- WHAT THE EXERCISE ASKS -
Omit all pictures, then retype exactly the lines from the one that contains "Diagram illustrating how" through the end of the listing.

- DATA EXTRACTS -
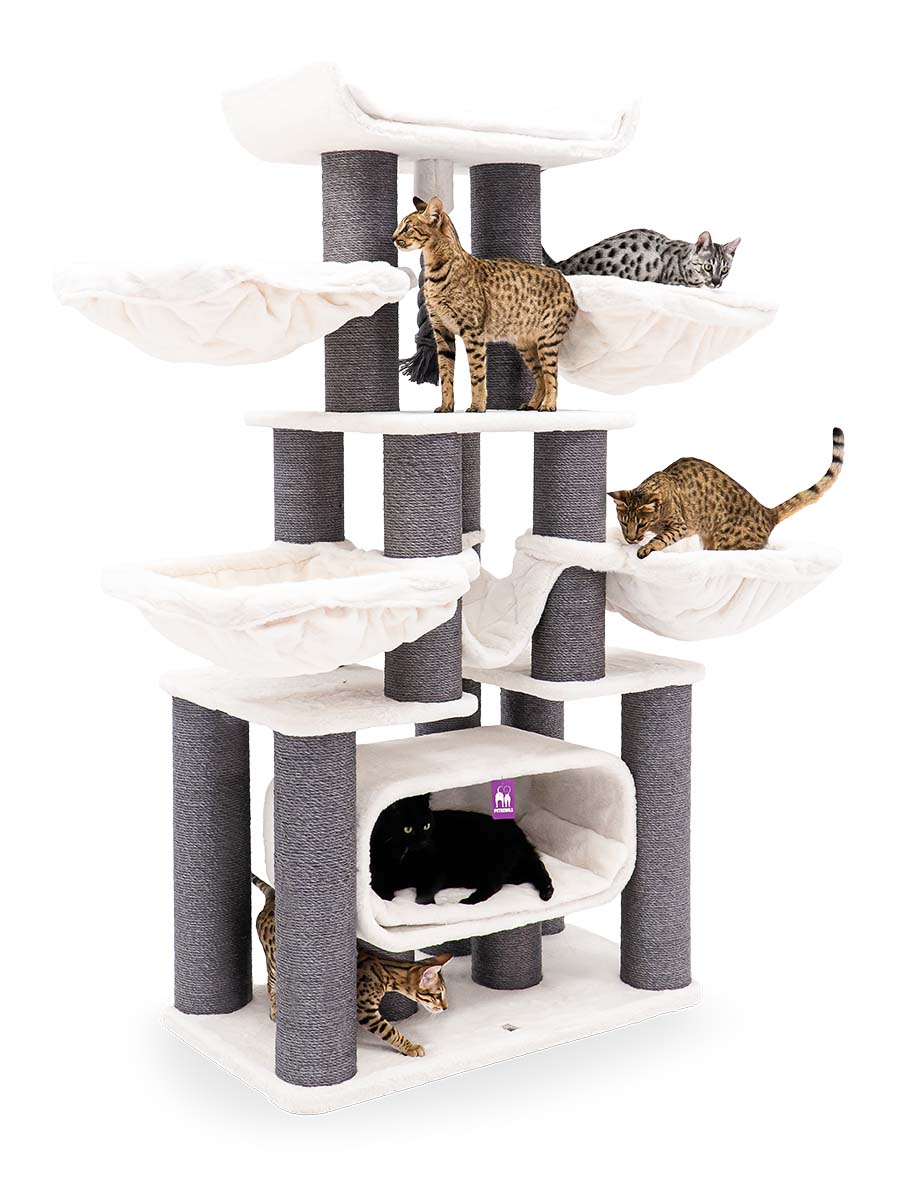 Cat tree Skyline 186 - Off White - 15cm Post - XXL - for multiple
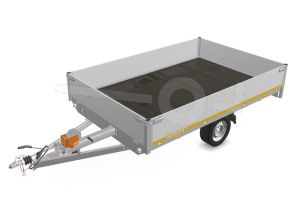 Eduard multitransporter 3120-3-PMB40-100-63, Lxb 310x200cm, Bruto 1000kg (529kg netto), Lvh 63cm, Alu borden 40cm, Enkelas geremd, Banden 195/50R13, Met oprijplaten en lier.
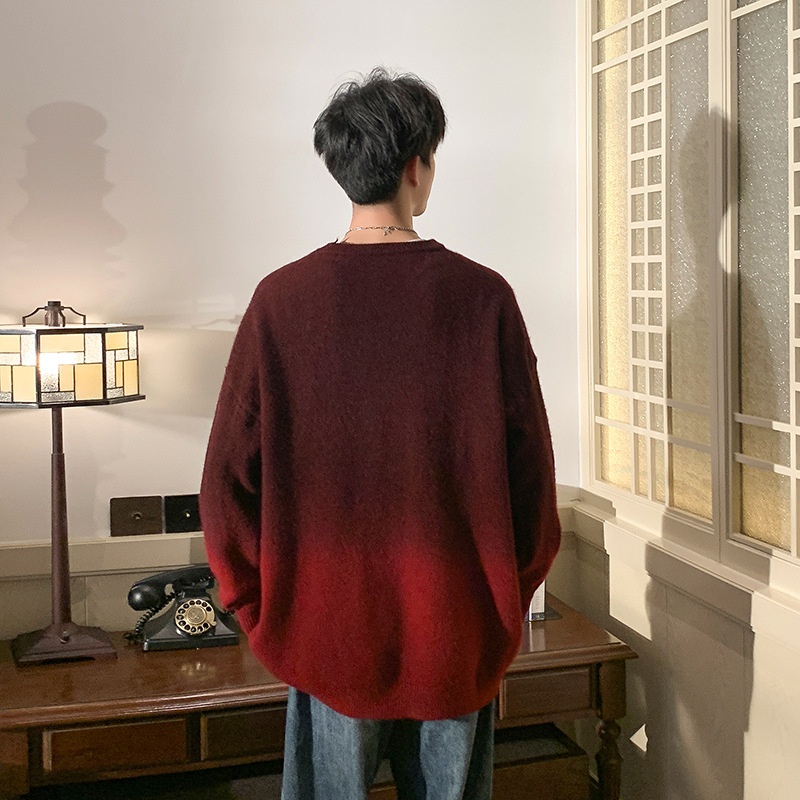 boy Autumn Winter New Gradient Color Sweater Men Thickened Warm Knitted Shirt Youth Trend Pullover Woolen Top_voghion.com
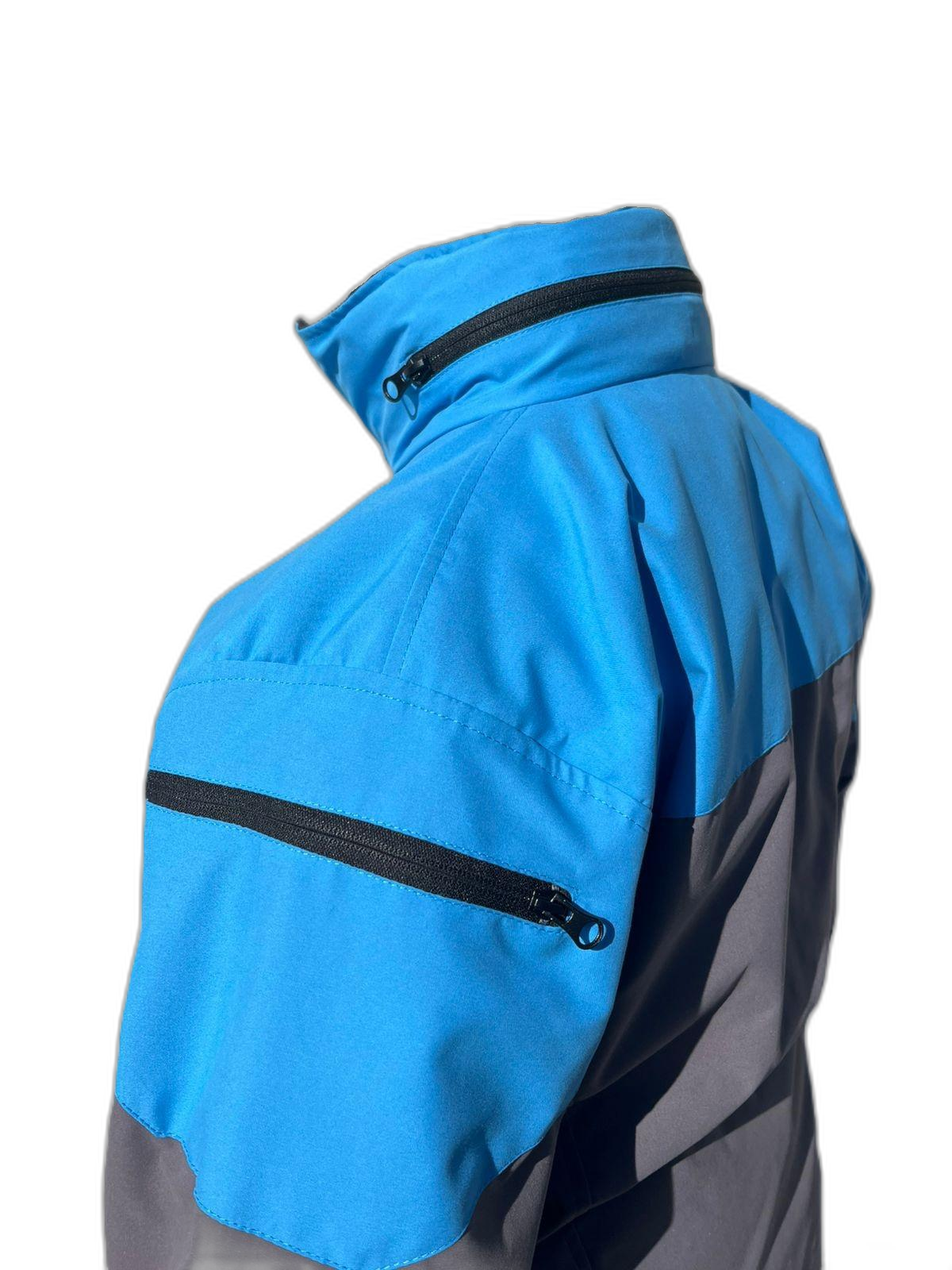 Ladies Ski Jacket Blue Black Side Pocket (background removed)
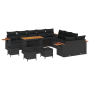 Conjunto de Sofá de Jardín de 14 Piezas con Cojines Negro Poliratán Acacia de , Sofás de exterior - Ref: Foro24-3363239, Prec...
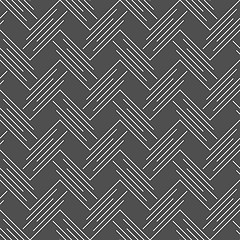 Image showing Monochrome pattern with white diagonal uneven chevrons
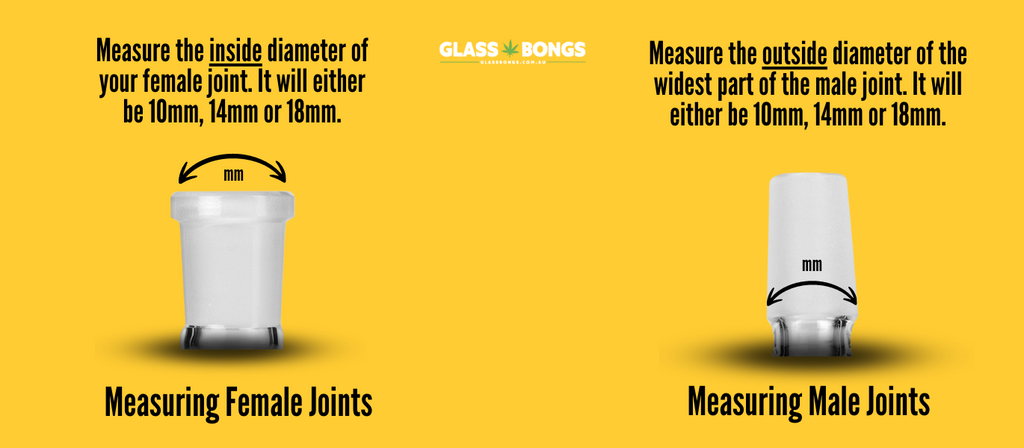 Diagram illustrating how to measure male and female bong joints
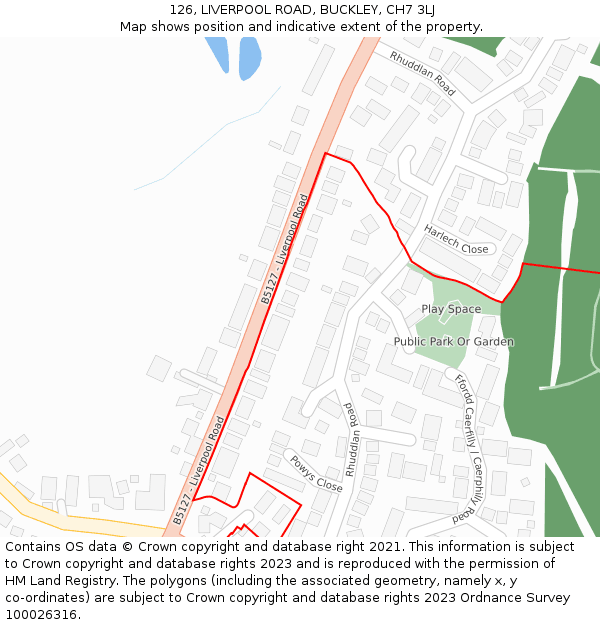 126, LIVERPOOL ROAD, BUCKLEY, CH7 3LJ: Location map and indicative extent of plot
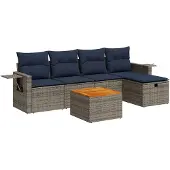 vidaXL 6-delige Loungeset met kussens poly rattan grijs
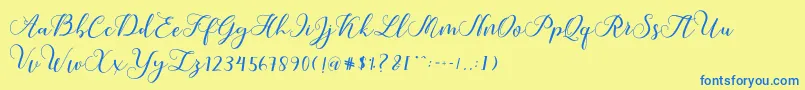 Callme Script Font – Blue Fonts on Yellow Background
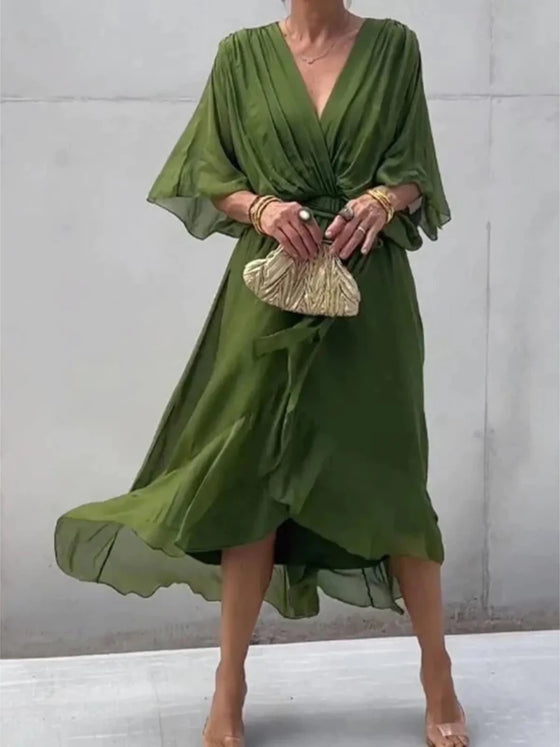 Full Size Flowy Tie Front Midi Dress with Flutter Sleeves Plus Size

- SOLUTION -
 Diagram illustrating how to measure male and female bong joints
 126, LIVERPOOL ROAD, BUCKLEY, CH7 3LJ: Location map and indicative extent of plot
 vidaXL 6-delige Loungeset met kussens poly rattan grijs
 Callme Script Font – Blue Fonts on Yellow Background
 Full Size Flowy Tie Front Midi Dress with Flutter Sleeves Plus Size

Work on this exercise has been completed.